L’addio al totem delle primarie

Ne cito tre: il tentativo del Movimento 5 Stelle di darsi un radicamento territoriale dopo essersi dato uno Statuto e...

L’addio al totem delle primarie

L’addio al totem delle primarie

Ne cito tre: il tentativo del Movimento 5 Stelle di darsi un radicamento territoriale dopo essersi dato uno Statuto e aver scelto di concorrere al 2x1000, cosa che solo poco tempo fa per loro avrebbe avuto lo stesso significato di bestemmiare in Chiesa; il secondo le cronache locali che sono tornate a riempirsi di un aspro dibattito congressuale interno ad un partito e parlo del partito di Fratelli d’Italia della nostra provincia; per ultimo ma non per importanza la scelta prevalente, in diverse realtà del Pd di abbattere il totem delle primarie per costruire alleanze, coalizioni, senza passare per la “conta” che tranne rarissime eccezioni (la più illustre quella che portò Vendola a battere prima Boccia nelle primarie e poi Fitto nelle elezioni regionali pugliesi) si è sempre tradotta nella consacrazione del candidato del partito più grande. Io sono testimone, facevo parte di quella Commissione Statuto, di quando, “regnanti” Veltroni e Bettini, l’esperienza vissuta con Prodi poco prima (primarie di pura facciata buone solo per muovere l’elettorato) fu innalzata, appunto, a totem statutario ben oltre il ragionevole (ragionevolezza che io con altri ovviamente sconfitti cercammo di rappresentare).
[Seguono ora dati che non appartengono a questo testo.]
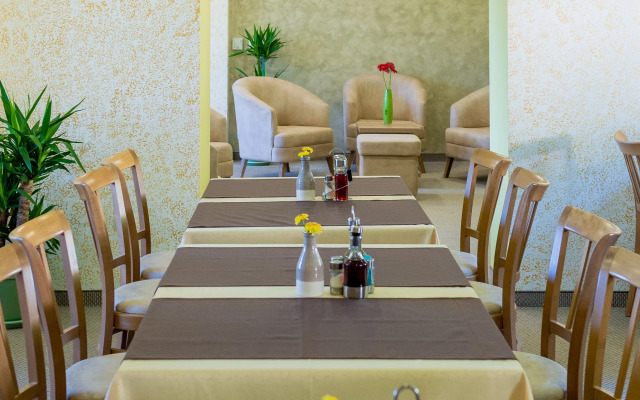 Hotel WGrand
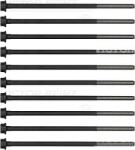 VICTOR REINZ Set Surub, Chiulasa 14-32375-01 Alfa Romeo 159/Brera/Giulietta/Spider (14-32375-01)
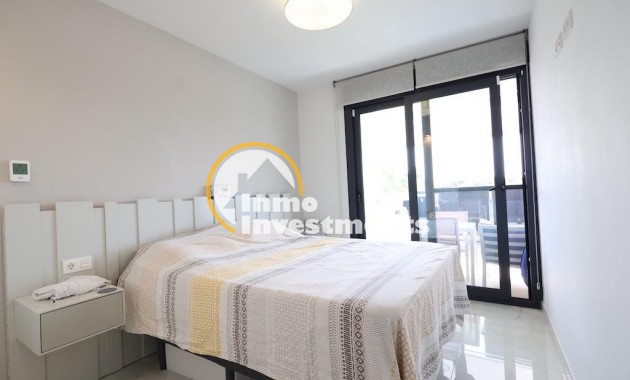 Bestaande bouw - Appartement - Orihuela Costa - Las Mimosas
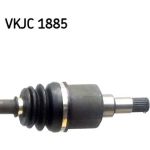 SKF Antriebswelle VKJC 1885 SKF Antriebswelle VKJC 1885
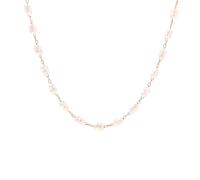 Necklace Pendant Chain Men Women Jewellery Double Layer Necklace Jdn21412
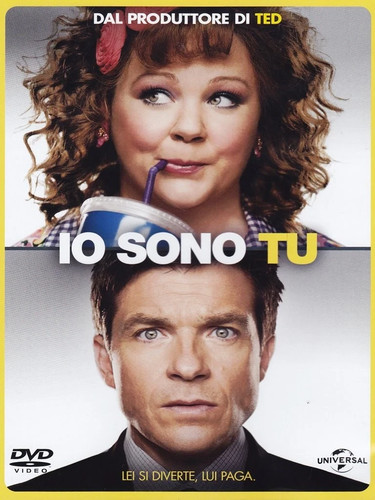 Sono jason - tu,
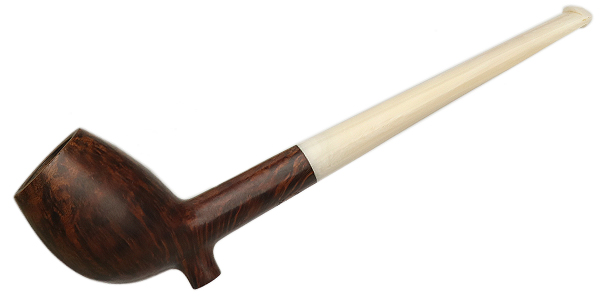 American Estate BriarWorks Classic Dark Smooth (C141)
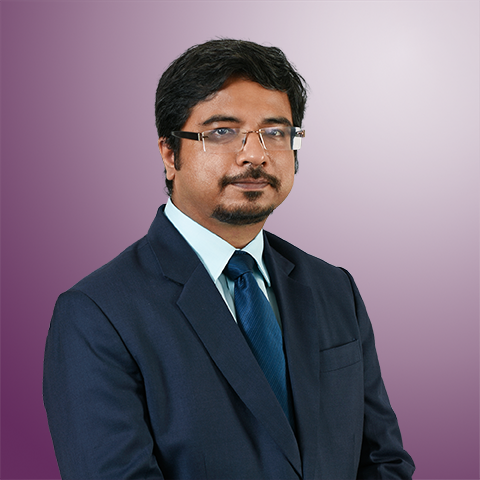 “The experience of handling complex disputes is significantly more rewarding and provides greater insight into sectoral dynamics”- Adarsh Saxena, Partner at Cyril Amarchand Mangaldas.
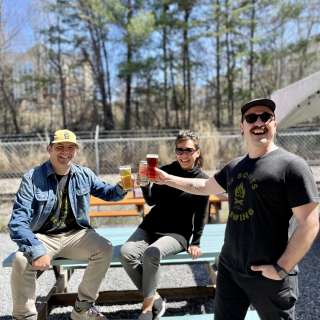 3 Year Anniversary Celebration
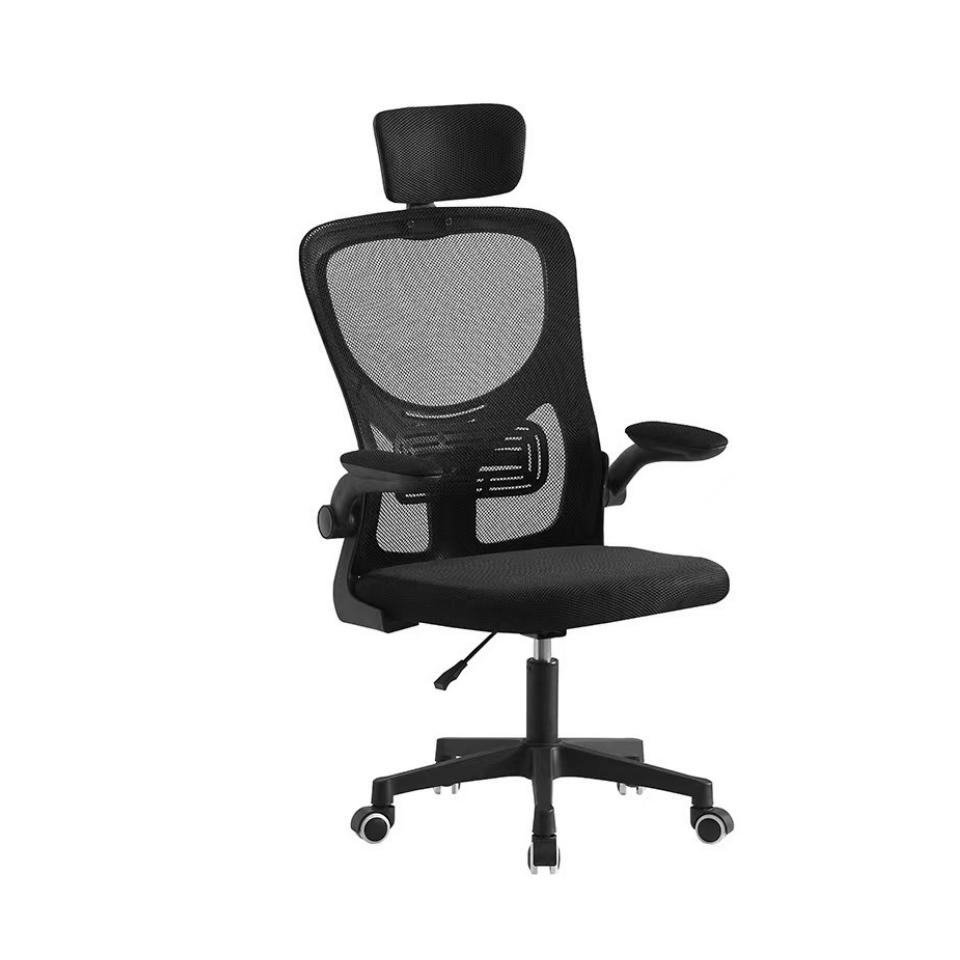 Hot Sale Ergonomic Living Meeting Leisure Conference Mesh Office Chair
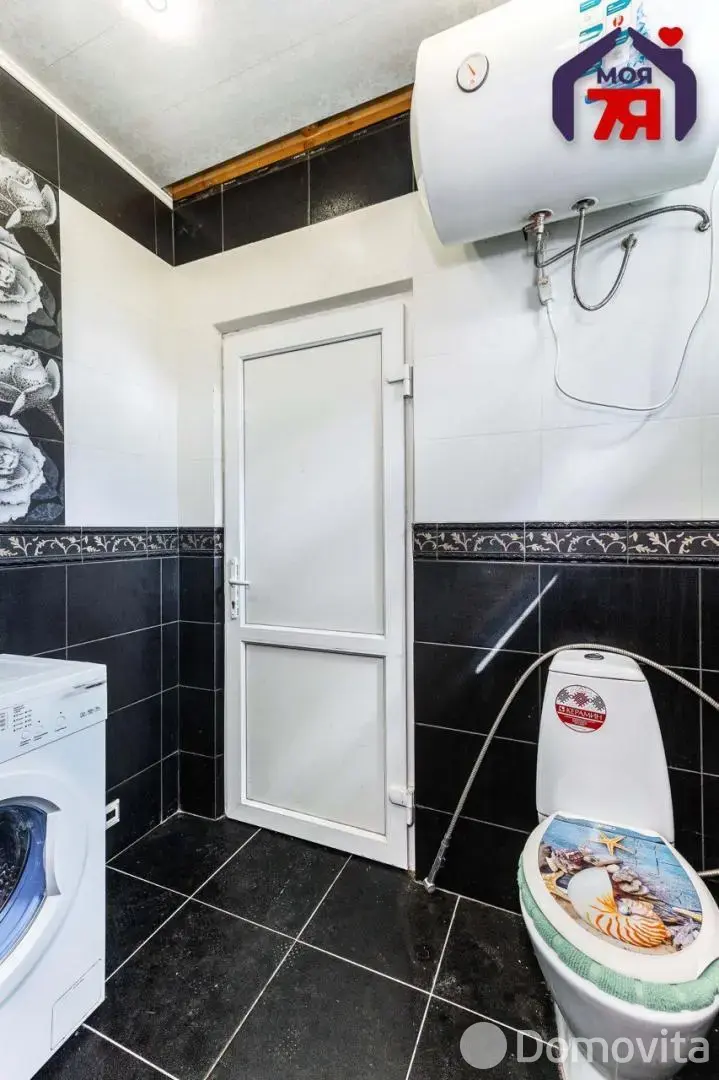 Купить земельный участок, 5 соток, Елочка, Минская область, 49000USD, код 570903 - фото 16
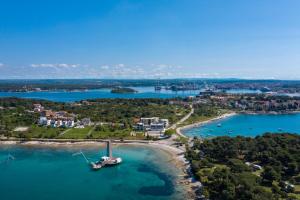 Foto de la galería de Hotel Modo en Pula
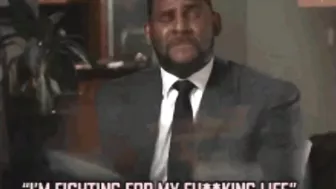 R Kelly Plans To Cooperate And Snitch On Multiple Celebrity PEDOS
Diciamolo. E’ sempre la destra che spinge a produrre cambiamenti profondi nel sistema politico. Fu il fascismo che spinse l’antifascismo ad archiviare il Re e lo Statuto Albertino, a farsi Costituzione oltre le ideologie di parte; fu la velocità con cui Berlusconi fiutò l’aria che introdusse nel nostro paese il bipolarismo forzato di cui quello statuto del Pd è figlio naturale; ed è la vittoria di una tradizionale coalizione fra partiti che ha portato la Meloni a fare il Presidente del Consiglio e costringe chi vi si oppone ad uscire in fretta da schemi buoni per un altro scenario, si tratti della vocazione maggioritaria o del movimento antisistema. Mi pare evidente che se non si farà una tradizionale coalizione fra Pd, 5 Stelle e Sinistra questa coalizione di destra durerà anche se dovesse inciampare, e non può essere che a sinistra si speri solo negli inciampi altrui o nel tecnico di passaggio.

Stessa logica vale per le amministrazioni locali che sono tutte contendibili. Ma fare una coalizione significa che all’interno dei partiti ci si chiarisca, si discuta, ci si appassioni ai temi che devono entrare in coalizione e non solo alle persone. Significa spersonalizzare un pochino la politica che è pur sempre fatta da persone, farla uscire da una “conta” per contare invece quanti siamo tutti insieme, quante forze riusciamo ad aggregare quali compromessi riteniamo accettabili per raggiungere lo scopo. Se prima si sceglieva il candidato con le primarie e poi si facevano una marea di liste, per lo più prive di senso politico, solo per raccattare voti con tutti i rischi connessi, passare a coalizioni di partiti che scelgono il programma il candidato e ovviamente allargano il campo per quanto si può, forse fa perdere qualcosa allo spettacolo ma si guadagna qualcosa in termini di interesse per la politica, per la vita dei partiti che, ça va sans dire, sono il perno del nostro modello costituzionale.